Por contra en España, aquel 25 de Abril en los estertores del franquismo, hizo temblar los cimientos del régimen y este desató una nueva ofensiva mediática intentando atemorizar a la ciudadanía con las supuestas veleidades democráticas que intentaban afianzarse en la vecina Portugal. Apenas un año y medio después fallecía el general Franco y uno más tarde, el 15 de Diciembre de 1976, el pueblo español votaba mayoritariamente a favor del retorno de la democracia en el Referéndum sobre el Proyecto de Ley para la Reforma Política.
Pero en esta ocasión buena parte del ejército, que había gozado de numerosas prerrogativas durante toda la dictadura franquista, se mostró abiertamente en contra de dar carpetazo a la misma, incluso decidido –como ocurriera 40 años antes-, a vetar la democracia por la fuerza de las armas.

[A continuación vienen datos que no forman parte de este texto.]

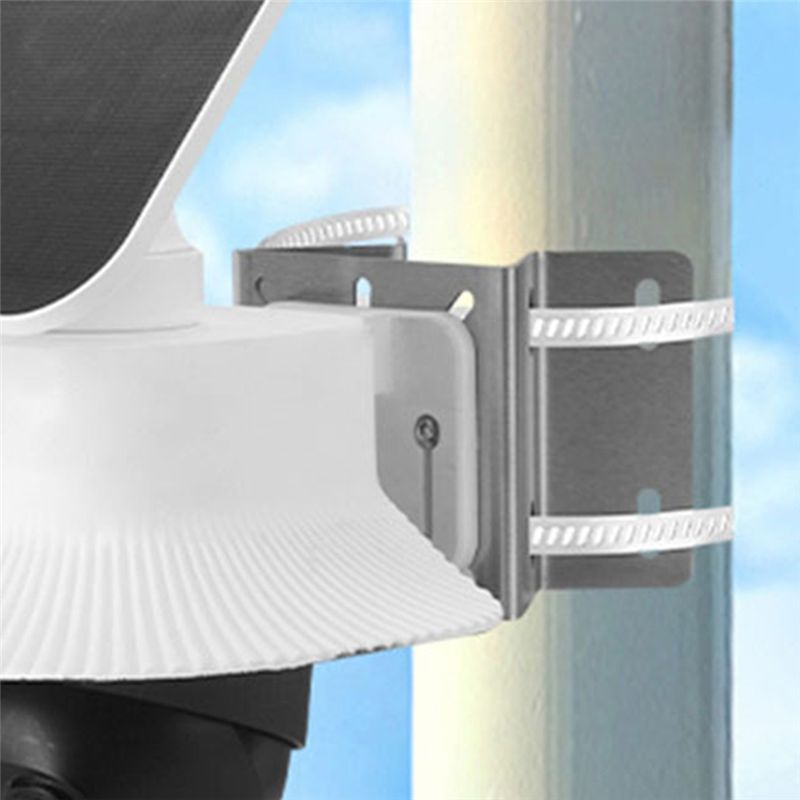 Regulowany, odporny na warunki – Eufy Camera S340 recenzja i cena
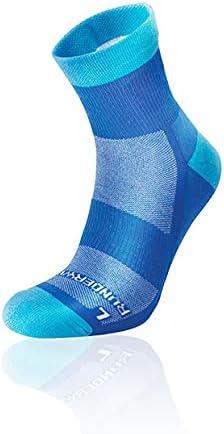 Чорапи За Трчање Против Блистер-Чорапи За Трчање Со Средни Перформанси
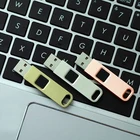 16gb High-Tech Capacitive 8Gb 16Gb 32Gb 64Gb 2.0 Finger Print Usb Security Encrypted Usb Flash Driver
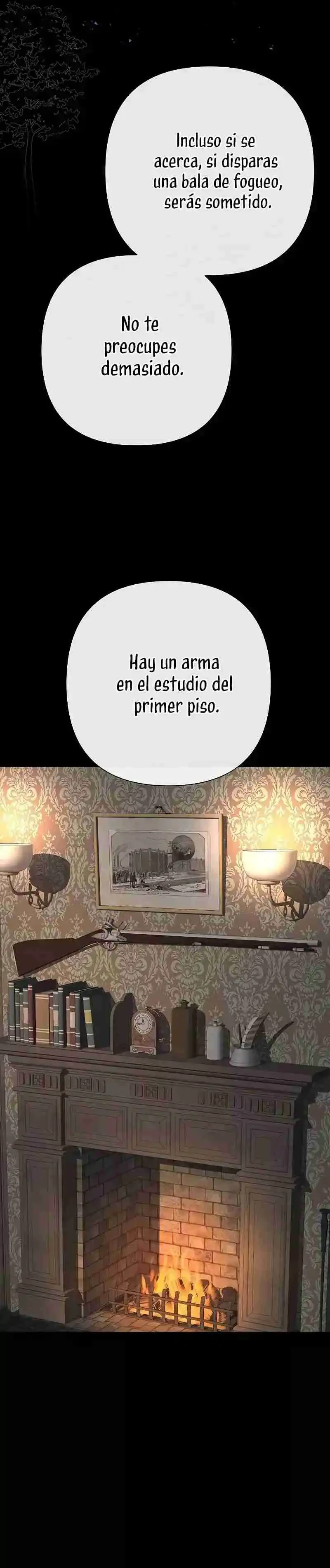 El Príncipe Problemático Capitulo 79 página 38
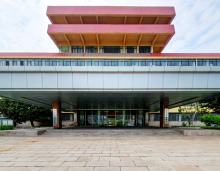 青岛大学师资力量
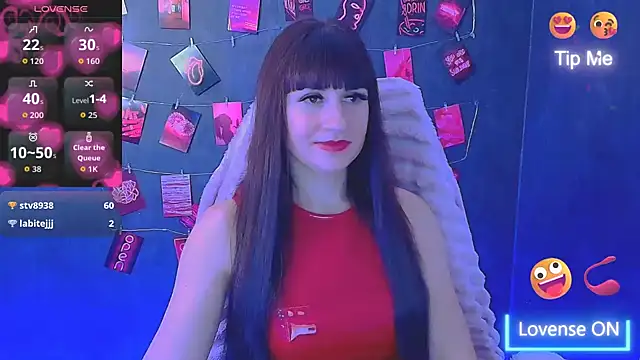 Violla_My live sex cam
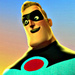 ★ The Incredibles ☆  - the-incredibles icon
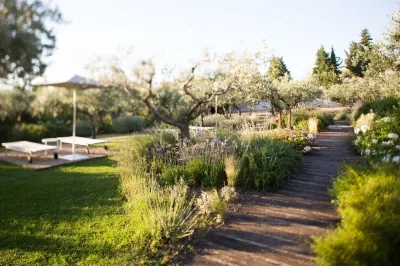 Nun Assisi Relais & Spa Museum Hotel a 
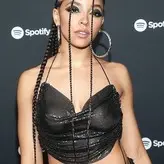 Tinashe nude #0839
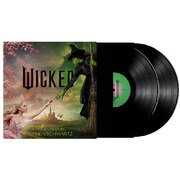 WICKED: THE SOUNDTRACK / O.S.T. USA IMPORT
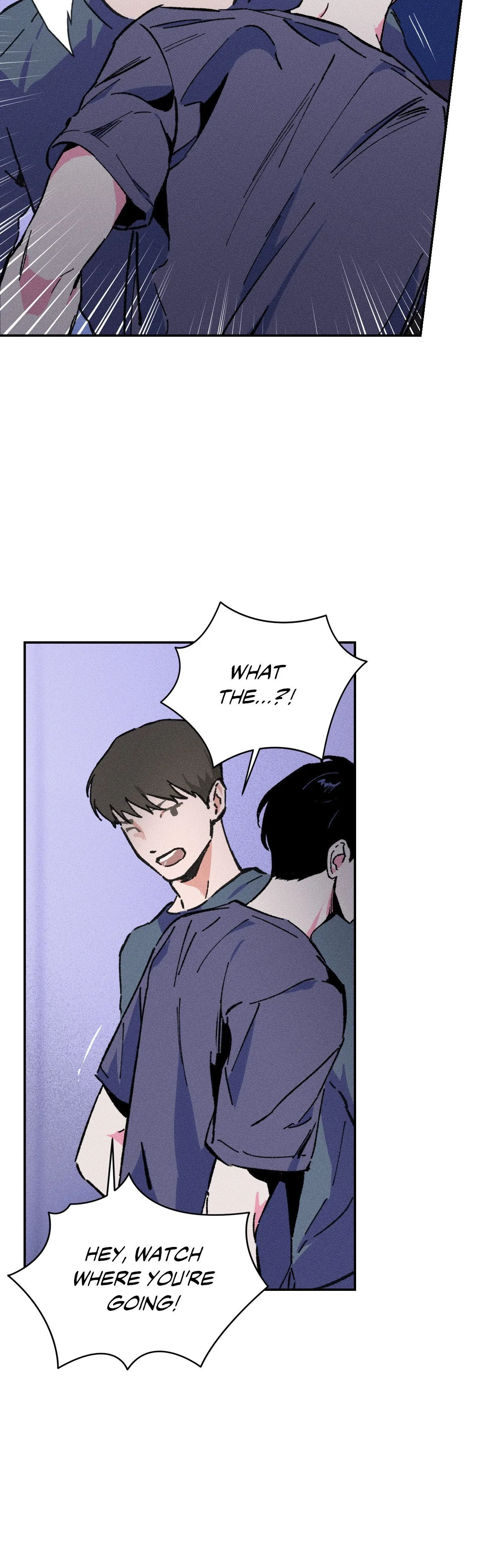 After Killing You Chapter 1 page 36 - 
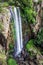 Queen Mary Falls, Waterfall, Main Range National Park, Queensland, Australia, March 2018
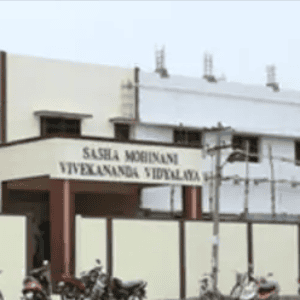 Gr Thangamaligai Mahalakshmi Vivekananda Vidyalaya School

Varias intentonas de golpe de estado acabaron frustradas pero la desconfianza hacia el mismo hizo que muchos de esos privilegios se mantuvieran en el tiempo, algunos de los cuales han llegado hasta nuestros días.
Por lo que respecta a la iglesia católica, el general Franco se había erigido desde el primer momento en el principal baluarte de la misma –de hecho su régimen acuñó el término nacional/catolicismo-, y había mantenido a la iglesia en lugar prominente durante la dictadura. El poder alcanzado por ésta fue extraordinario y en numerosas facetas de la vida social y política española su participación e influencia resultaron determinantes. Tras el fin del franquismo la iglesia procuró seguir manteniendo su status y así logró la firma del Concordato con la Santa Sede en 1979 todavía en vigor y que sigue avalando numerosas dispensas y exenciones de todo tipo respecto a las normas vigentes para el resto de instituciones. Un asunto que genera importantes controversias desde entonces pero que ningún gobierno hasta ahora se ha atrevido a modificar.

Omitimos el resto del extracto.